Thursday, November 29, 2007

Asus Turns a White Box Play into Branded Success

Asustek Computer (Asus) capitalized on the U.S. pre-holiday news lull by generating coverage on the Eee PC. This PC solution seems to be catapulting Asus ahead of its low-cost computing competition. Announcements ranged from the introduction of new channel partners, to rollout into new geographies, and the availability of a Windows version of the Eee PC. An announcement of an increased sales forecast for 2008 to 5 million units of the Eee PC followed this week. But, in spite of the attention and growing forecasts, Asus’ CEO and President, Jonney Shih and Jonathan Tseng, claim Asus is not concerned that low-cost devices will cannibalize its more profitable PC business.

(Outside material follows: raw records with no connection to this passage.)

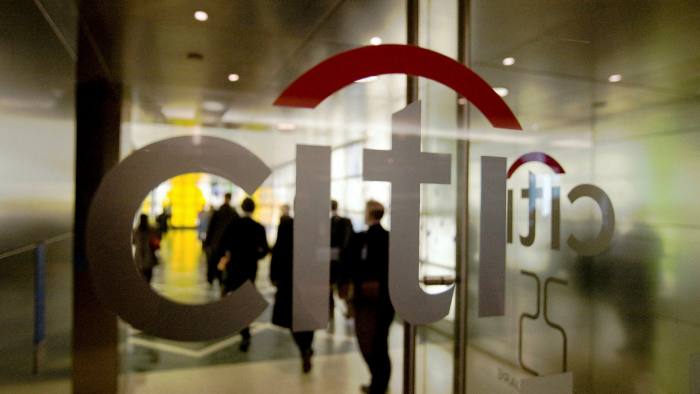 People entering Citi’s headquarters at Canary Wharf in London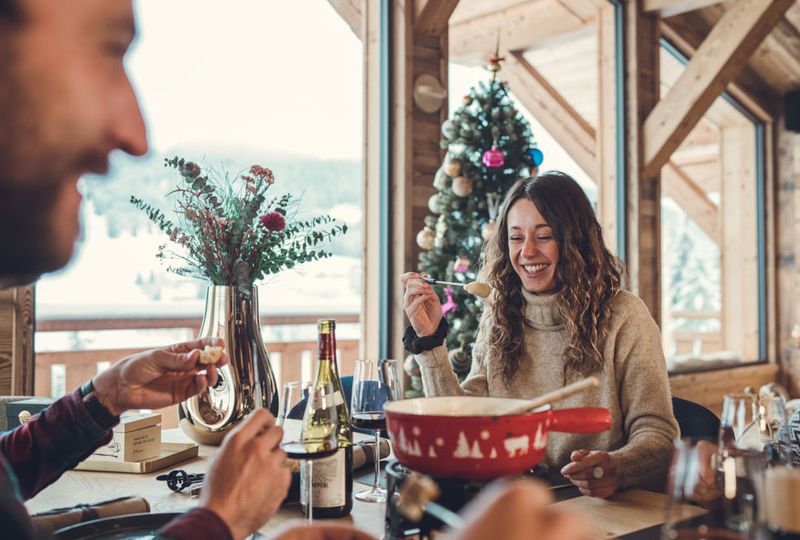 A woman laughs as she eats cheese fondue at an alpine restaurant indoors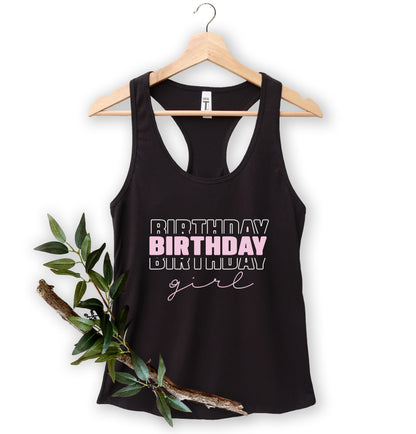A black tank top with the text "BIRTHDAY GIRL" printed on it, hanging on a wooden hanger.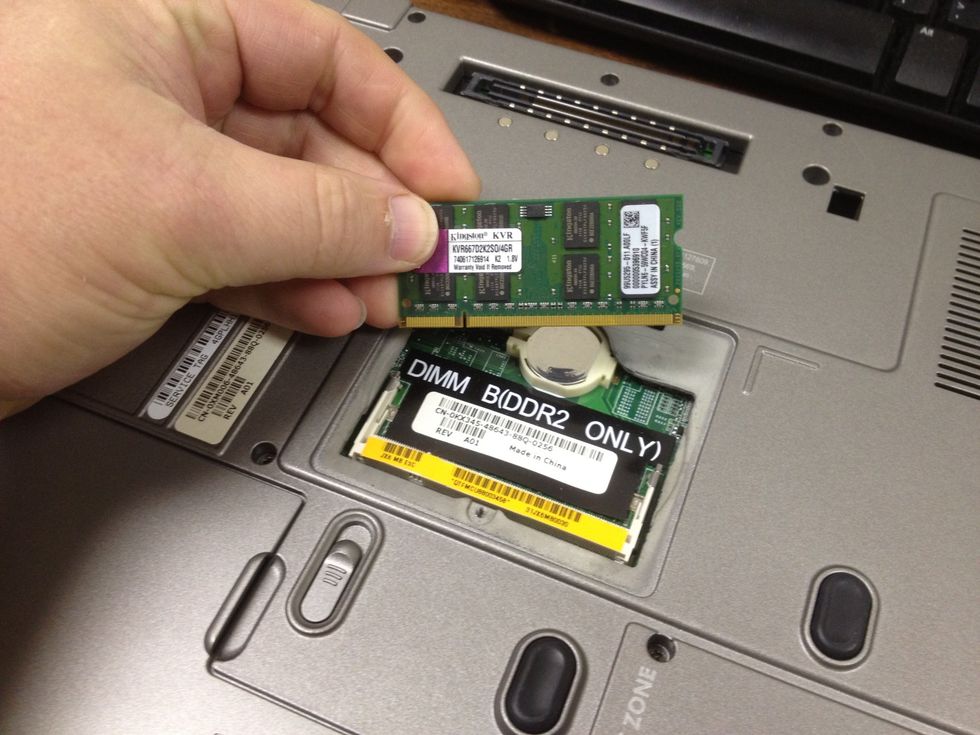 The memory module has one or more slots cut into the bottom of it.  Make sure that you align these slots, properly with the memory module port.  Insert the memory module at a 30 to 45\u00b0 angle
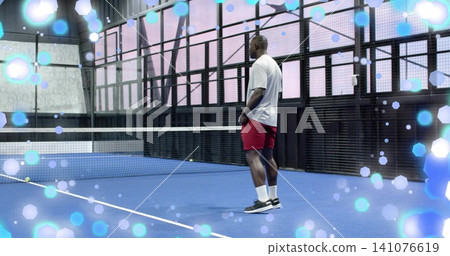 Standing athlete in white tee, red shorts on blue court with net, tennis balls, copy space Standing athlete in white tee, red shorts on blue court with net, tennis balls, copy space 141076619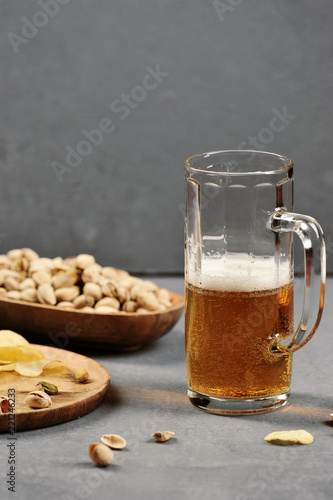 A mug of light beer. As a snack for beer pistachios in a bowl and potato chips on a taella. Gray wooden background. Close-up. Vertical orientation of the frame.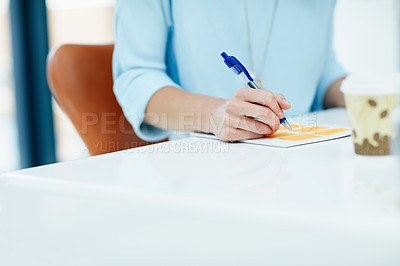 Buy stock photo Cropped shot of a young businesswoman writing notes in an office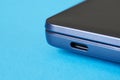Modern narrow steel ultrabook laptop on a blue background. USB type-c port. Close-up. Macro
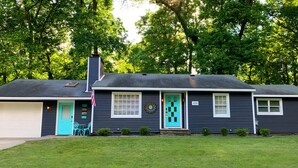 Une maison à deux étages, à l’extérieur sombre, avec une porte d’entrée turquoise et un petit jardin devant, composé d’une pelouse et de quelques arbustes.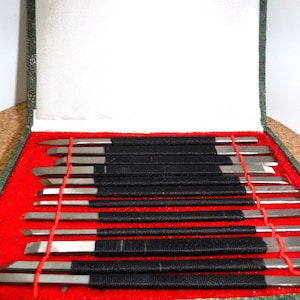 May include: A set of 10 metal carving tools with black handles and red string ties, arranged in a green and red velvet lined box.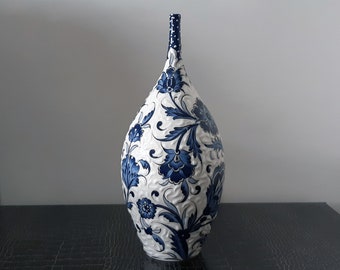 May include: A tall, white ceramic vase with a slender neck and bulbous body. The vase is adorned with a repeating pattern of blue floral designs. The neck features a dotted pattern, and the overall design is embossed.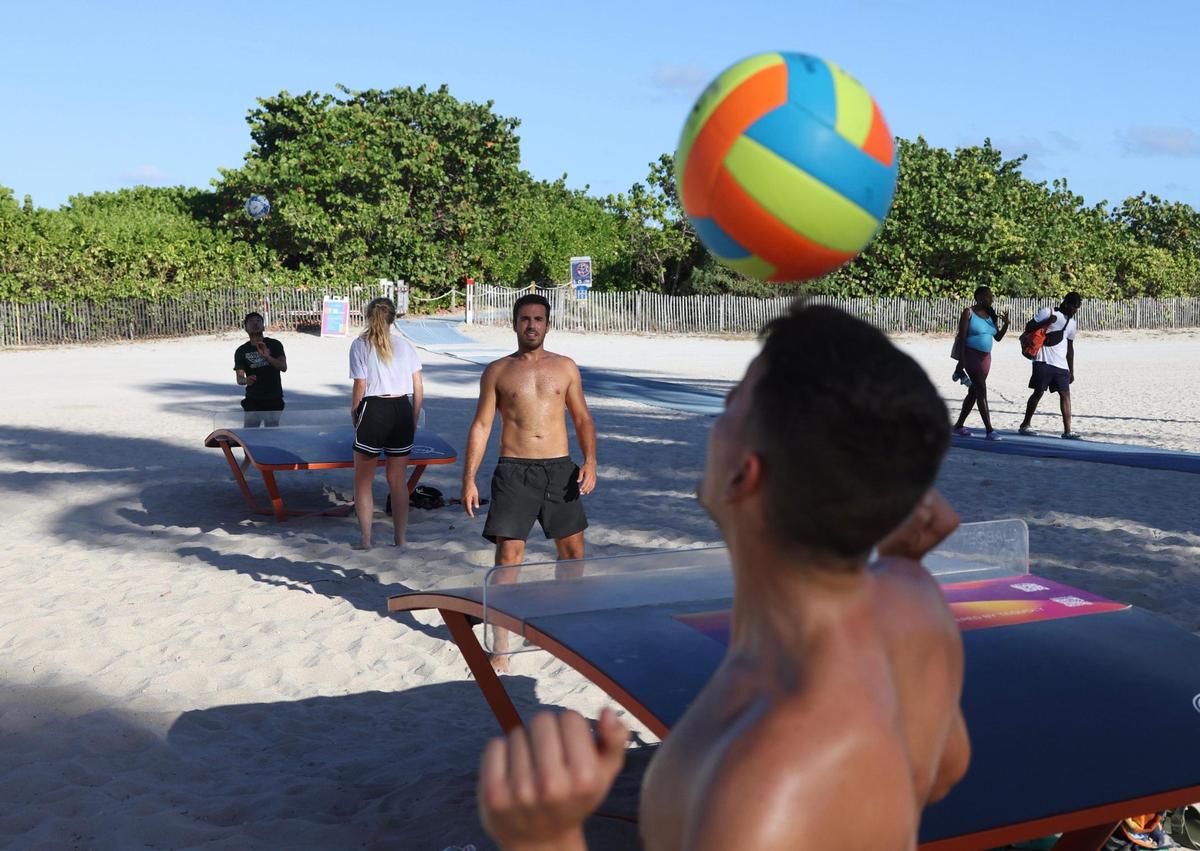 Luka Vidos, right, hits a volleyball on his head while Petar Grgasovic, from Miami, waits to return the ball while they play table volleyball during spring break on Sunday, March 26, 2023, in South Beach.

Asus’ sudden visibility in the low-cost laptop market may mislead business managers and industry watchers into overlooking the company’s primary business. Asus is, in fact, cited as the “mother of all motherboard producers”. With highly diversified manufacturing services, Asus produces components for cell phones, desktop and notebook computers, graphics cards, optical drives, servers, and networking devices for some of the world's leading ICT companies. One country-specific success story for Asus is in the Russian PC market where more than 80% of desktops are sold through the white box (unbranded) channel. The company entered this strategic growth market through this white box channel and developed a reputation for providing value and quality desktop PC components. Capitalizing on its brand recognition as a high-quality component provider, Asus has also become a highly competitive manufacturer of branded PCs in the Russian market.

HP, Dell and other hardware companies can take a page from the Asus playbook. To date, direct competition with white-box assemblers in emerging markets has proved largely unsuccessful for most global brands. Hardware companies could, instead, participate in this dominant emerging-market channel. With careful mapping of the value chain, global PC manufacturers can identify opportunities to provide aspects of their own competitive advantage (e.g. economies of scale, efficient tools and processes, pre-kitted and branded components, and even support services). With the white box market dominating the emerging-market PC business, hardware companies would do well to learn how to participate profitably in the revenue stream rather than swimming against the current.